**DIRECTIONS:**
With pictures left out, output exactly the lines of the listing below from the line that has "837 Northeast Brow" to the line that has "3684 W Briargate Drive", both lines kept.

**EXCERPTED RECORDS:**
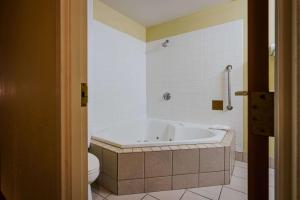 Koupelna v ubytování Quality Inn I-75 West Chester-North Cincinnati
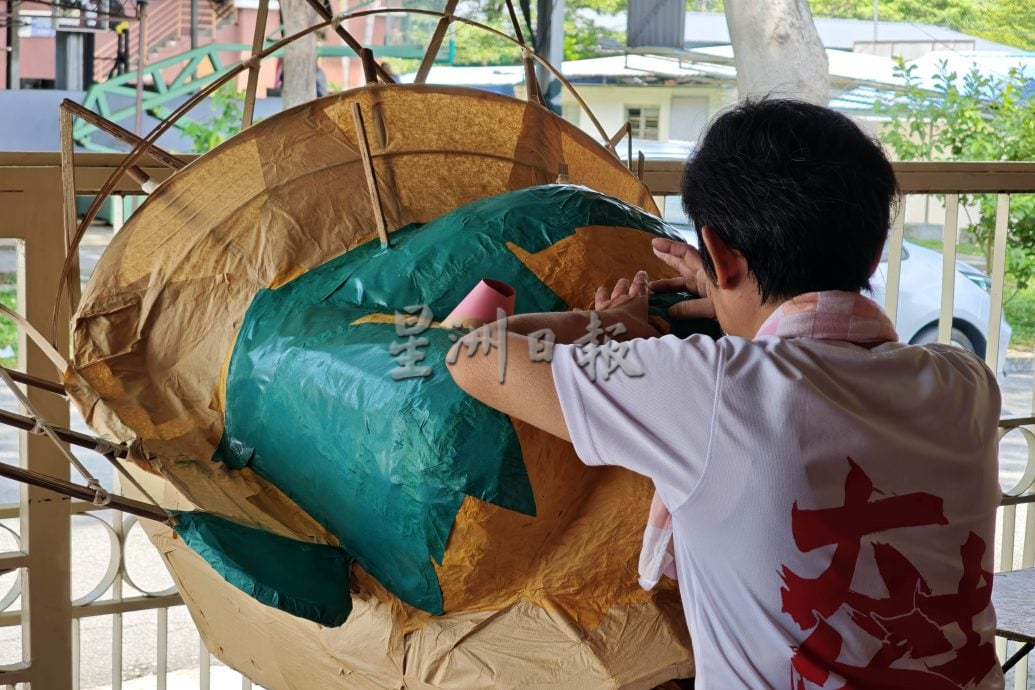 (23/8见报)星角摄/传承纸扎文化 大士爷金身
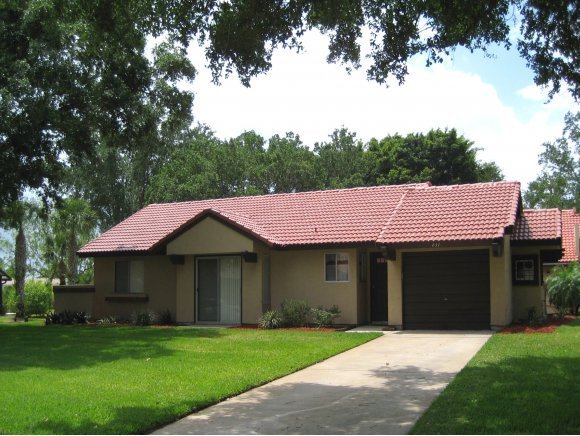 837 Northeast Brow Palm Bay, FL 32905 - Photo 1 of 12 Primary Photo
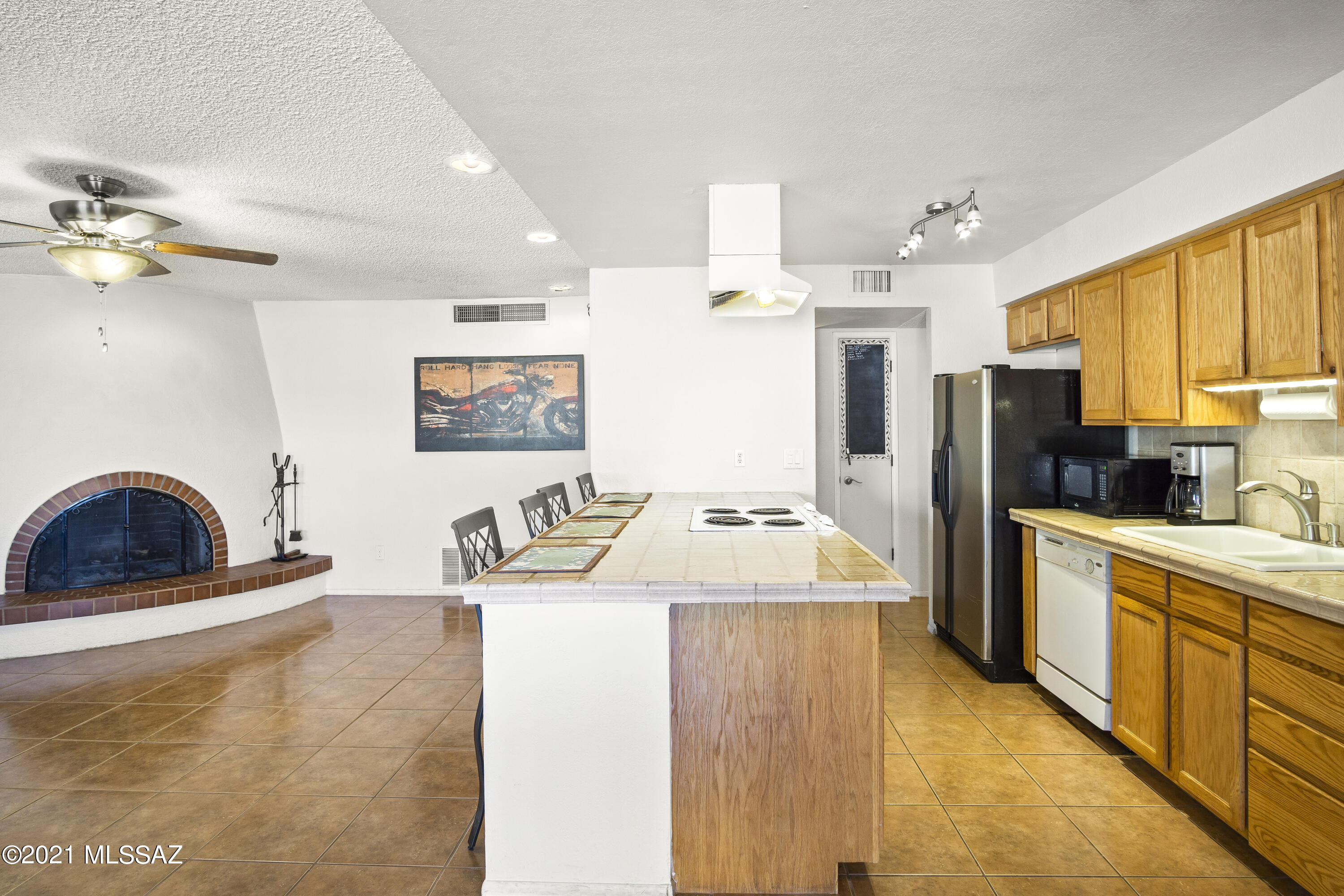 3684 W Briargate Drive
--
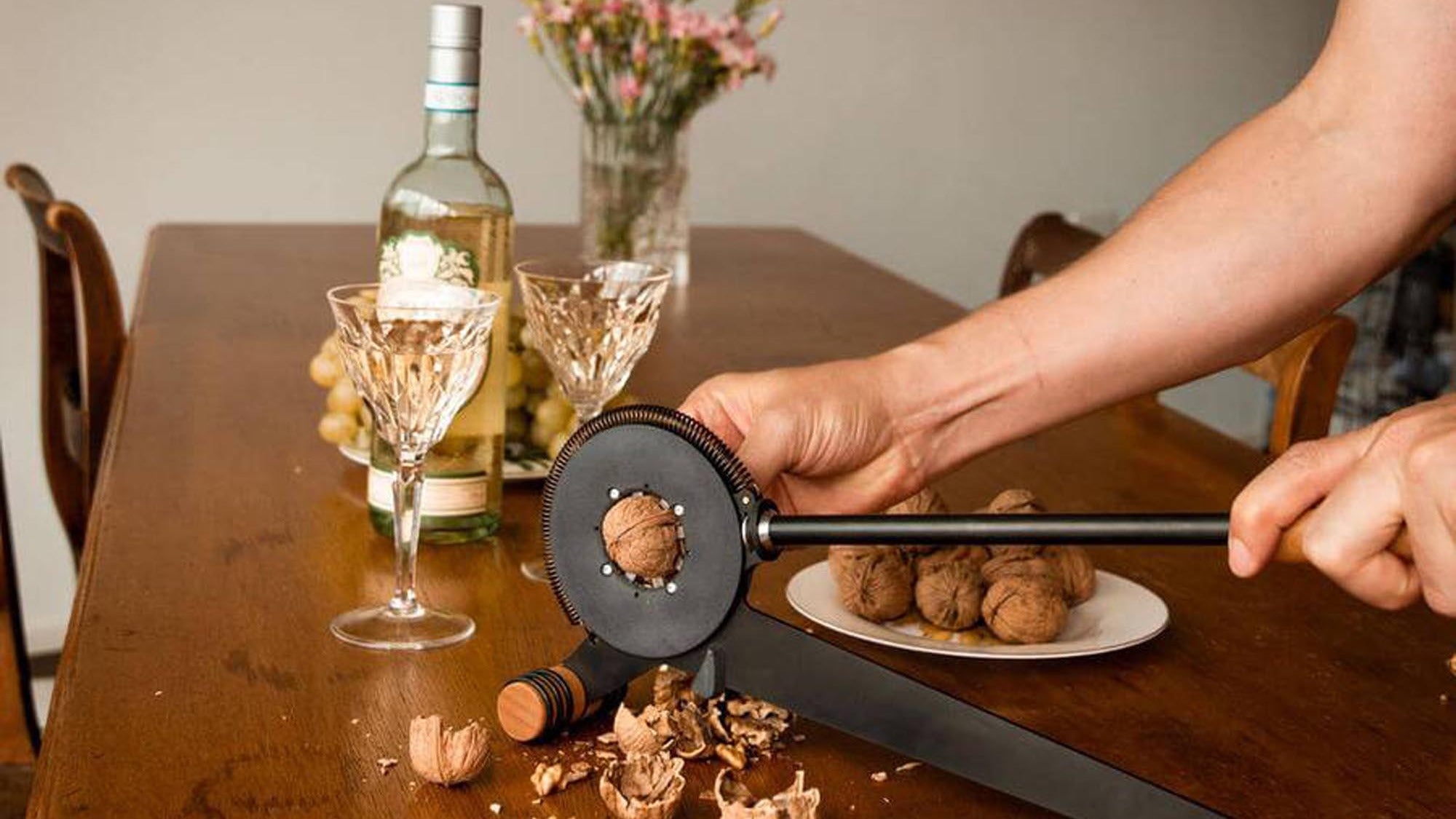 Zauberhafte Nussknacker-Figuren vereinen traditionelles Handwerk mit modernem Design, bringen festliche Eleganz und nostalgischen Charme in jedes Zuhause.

**RESULT OF THE EXERCISE:**
 837 Northeast Brow Palm Bay, FL 32905 - Photo 1 of 12 Primary Photo
 3684 W Briargate Drive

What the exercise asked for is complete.